# Work order
Copy, word for word, the lines below from the one containing "And you can" up to and including the one containing "Hello and welcome", with pictures left out.

# Data to examine
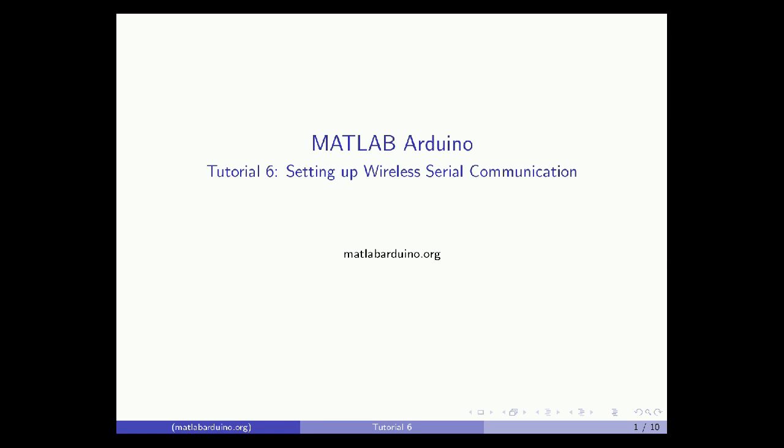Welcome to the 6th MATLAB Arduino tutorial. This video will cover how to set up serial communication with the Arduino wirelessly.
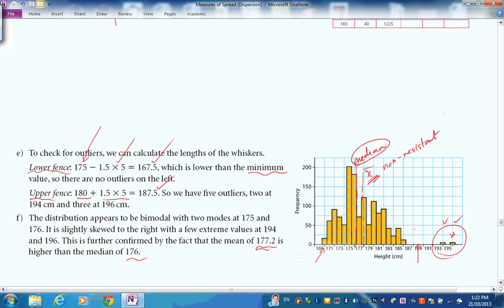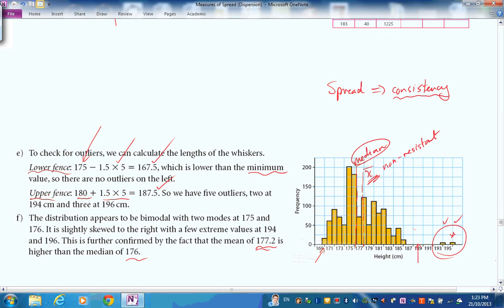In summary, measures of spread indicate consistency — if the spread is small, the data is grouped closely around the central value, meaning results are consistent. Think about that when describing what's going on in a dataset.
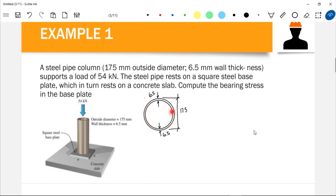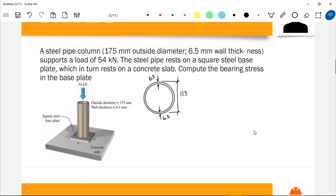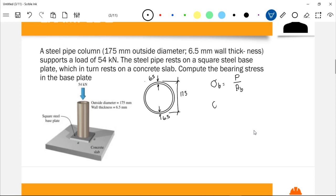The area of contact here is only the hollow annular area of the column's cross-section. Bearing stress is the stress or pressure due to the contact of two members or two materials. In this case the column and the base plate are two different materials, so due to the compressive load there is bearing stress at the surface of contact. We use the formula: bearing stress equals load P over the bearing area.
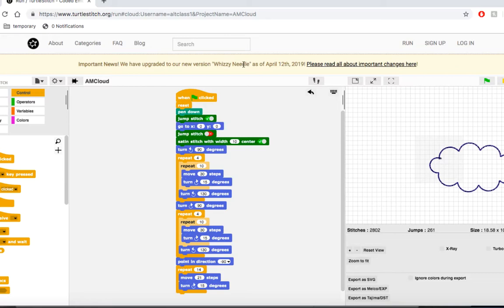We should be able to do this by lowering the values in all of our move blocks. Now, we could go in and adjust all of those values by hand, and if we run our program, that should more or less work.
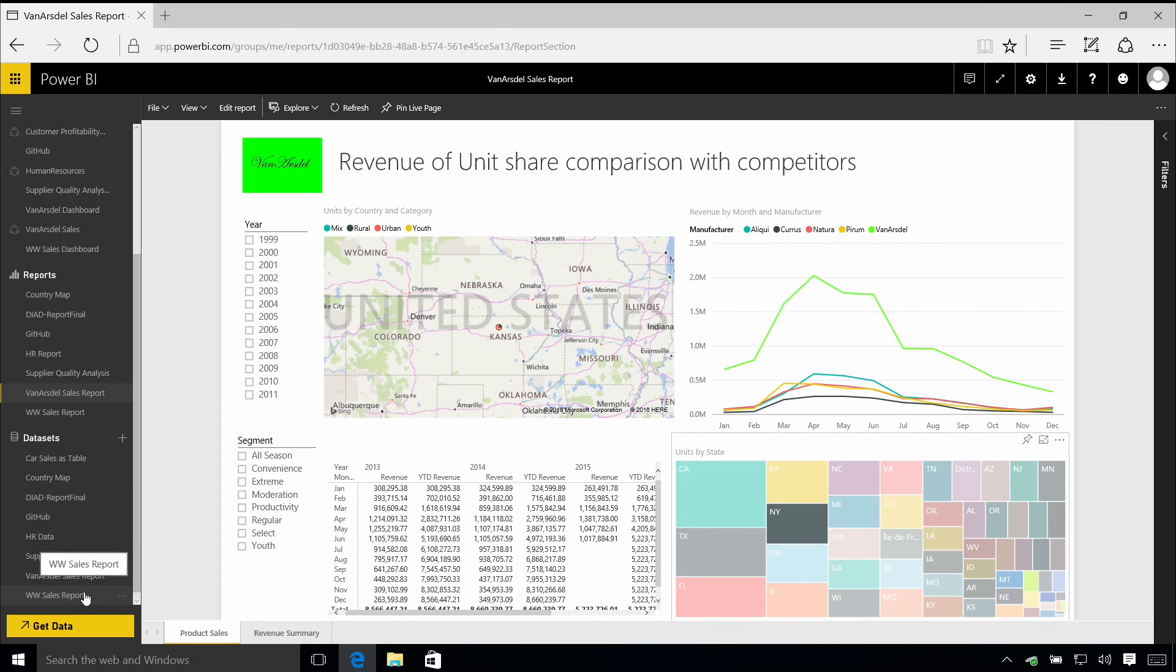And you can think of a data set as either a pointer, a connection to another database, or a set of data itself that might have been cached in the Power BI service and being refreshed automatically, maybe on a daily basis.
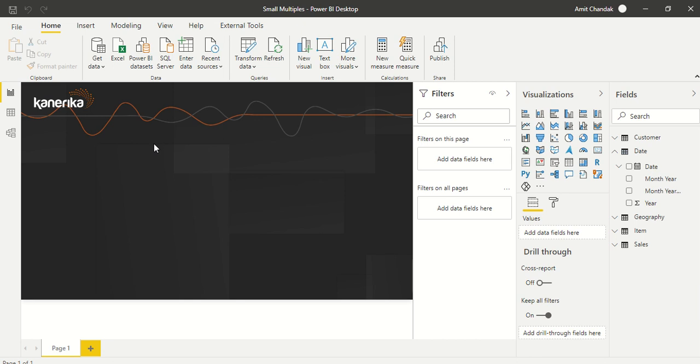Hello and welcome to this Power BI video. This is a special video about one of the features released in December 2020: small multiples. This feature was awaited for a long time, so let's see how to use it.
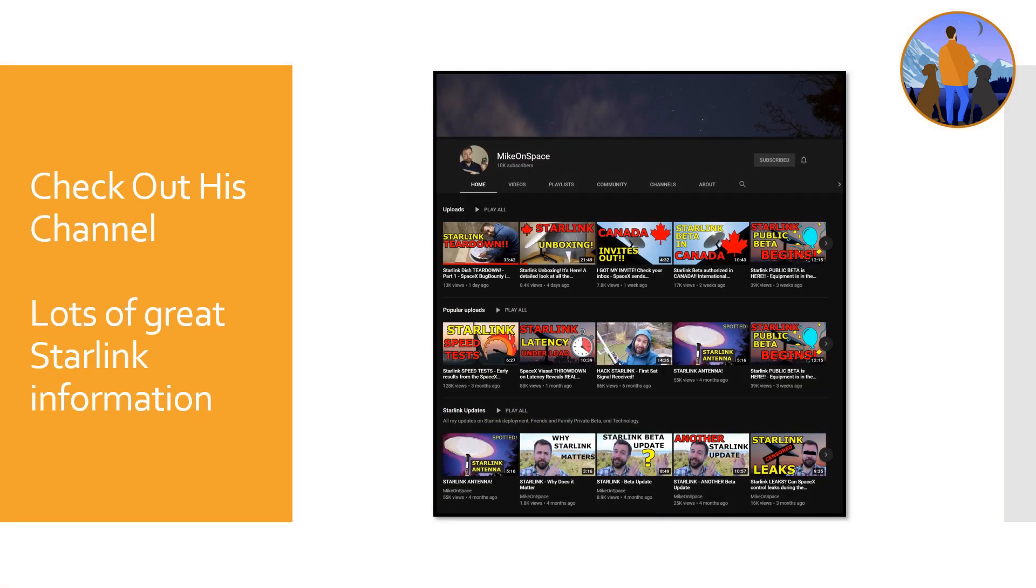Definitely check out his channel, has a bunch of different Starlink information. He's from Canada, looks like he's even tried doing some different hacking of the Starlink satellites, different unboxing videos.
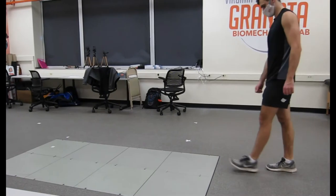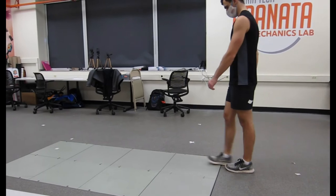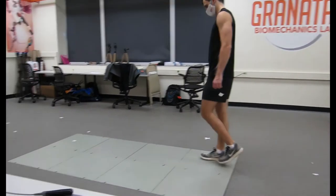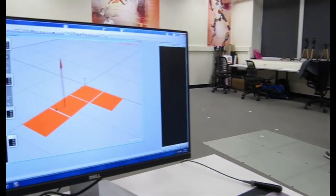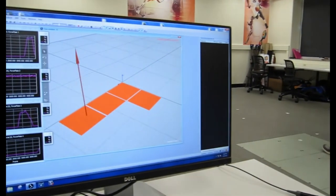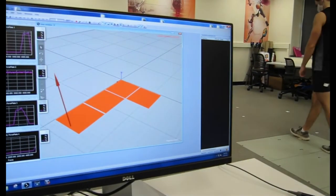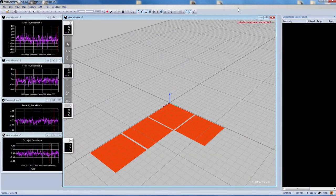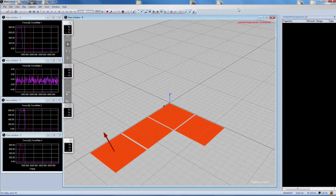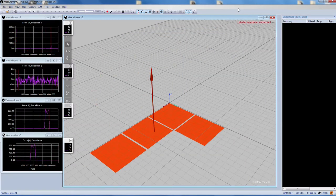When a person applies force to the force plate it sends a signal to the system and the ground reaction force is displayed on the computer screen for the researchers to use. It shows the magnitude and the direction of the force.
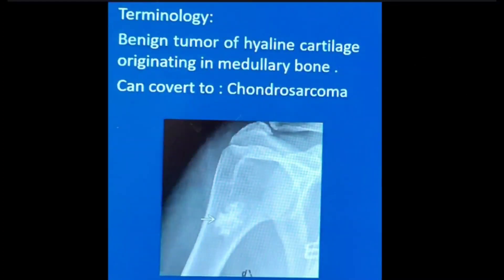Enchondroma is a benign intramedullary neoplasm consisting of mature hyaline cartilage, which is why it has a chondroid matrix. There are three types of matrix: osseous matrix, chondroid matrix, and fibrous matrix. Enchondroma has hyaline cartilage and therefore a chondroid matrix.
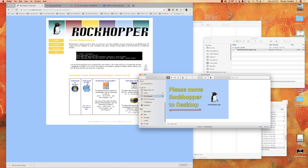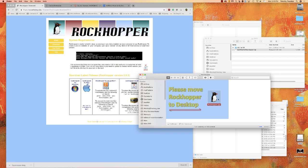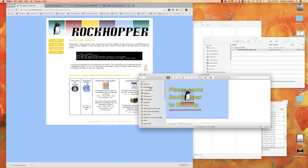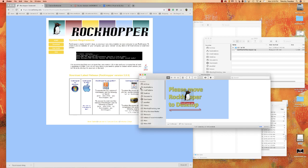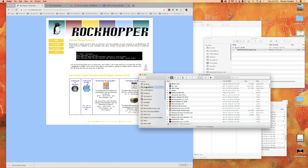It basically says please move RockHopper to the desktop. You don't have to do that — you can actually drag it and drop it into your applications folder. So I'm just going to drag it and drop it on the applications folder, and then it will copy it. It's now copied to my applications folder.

...

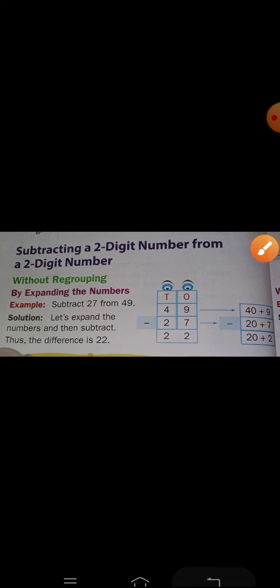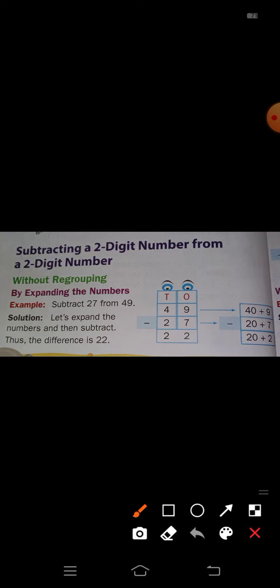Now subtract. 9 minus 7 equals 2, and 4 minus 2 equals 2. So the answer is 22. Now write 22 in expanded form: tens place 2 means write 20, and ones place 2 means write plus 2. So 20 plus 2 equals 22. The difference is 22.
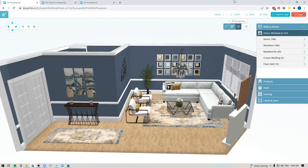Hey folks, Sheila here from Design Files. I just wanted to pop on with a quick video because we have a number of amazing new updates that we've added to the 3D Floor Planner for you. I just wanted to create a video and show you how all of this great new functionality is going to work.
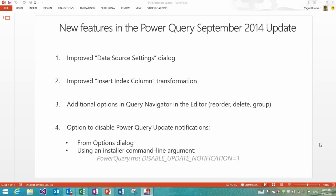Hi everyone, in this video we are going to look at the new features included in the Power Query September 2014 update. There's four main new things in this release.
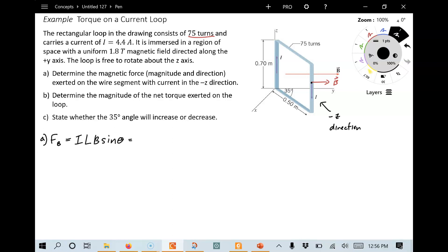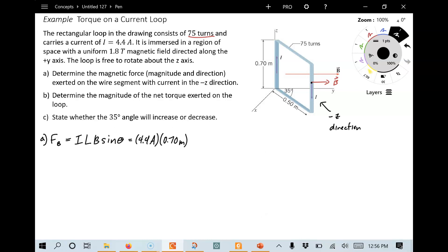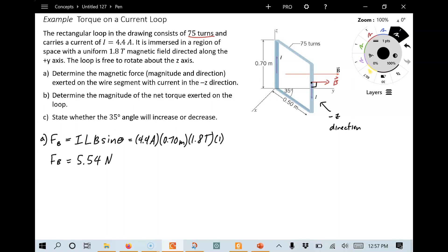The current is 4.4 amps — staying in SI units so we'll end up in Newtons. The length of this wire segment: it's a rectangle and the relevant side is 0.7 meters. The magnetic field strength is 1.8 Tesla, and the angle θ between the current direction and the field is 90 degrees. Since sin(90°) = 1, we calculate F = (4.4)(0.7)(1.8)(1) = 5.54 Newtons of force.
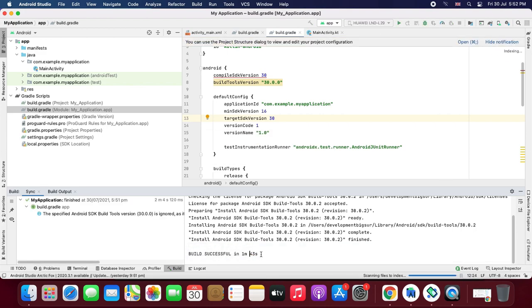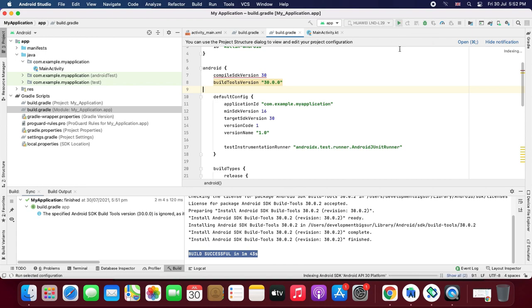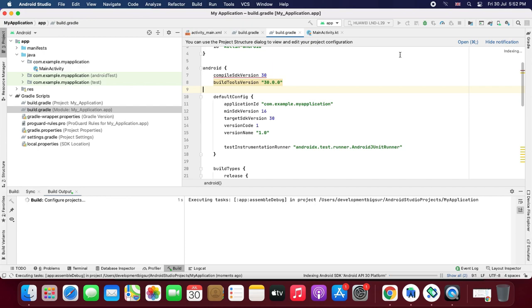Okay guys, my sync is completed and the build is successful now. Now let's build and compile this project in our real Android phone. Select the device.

# Answer to this exercise
And you can think of a data set as either a pointer, a connection to another database, or a set of data itself that might have been cached in the Power BI service and being refreshed automatically, maybe on a daily basis.
Hello and welcome to this Power BI video. This is a special video about one of the features released in December 2020: small multiples. This feature was awaited for a long time, so let's see how to use it.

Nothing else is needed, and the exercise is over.